### Problem details
Print exactly the lines below between the line holding "Decorate a whole" and the line holding "Smiling Young Asian", inclusive, and nothing more.

The input START

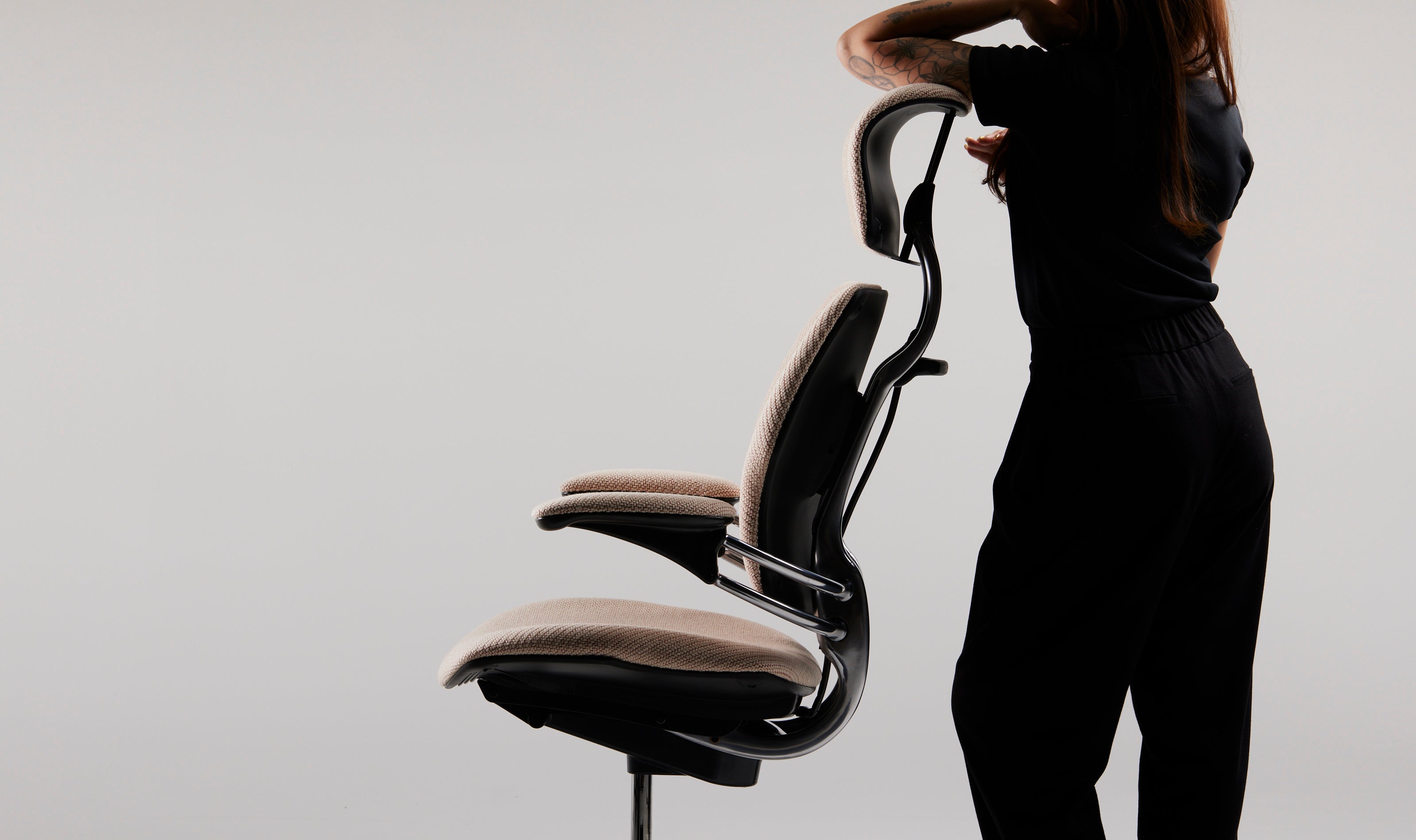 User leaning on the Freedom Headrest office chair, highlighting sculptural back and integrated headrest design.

The input END
The input START

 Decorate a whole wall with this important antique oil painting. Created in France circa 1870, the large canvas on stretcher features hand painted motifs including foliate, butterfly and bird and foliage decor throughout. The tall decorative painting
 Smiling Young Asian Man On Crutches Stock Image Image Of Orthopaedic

The input END

### Answer section
 Decorate a whole wall with this important antique oil painting. Created in France circa 1870, the large canvas on stretcher features hand painted motifs including foliate, butterfly and bird and foliage decor throughout. The tall decorative painting
 Smiling Young Asian Man On Crutches Stock Image Image Of Orthopaedic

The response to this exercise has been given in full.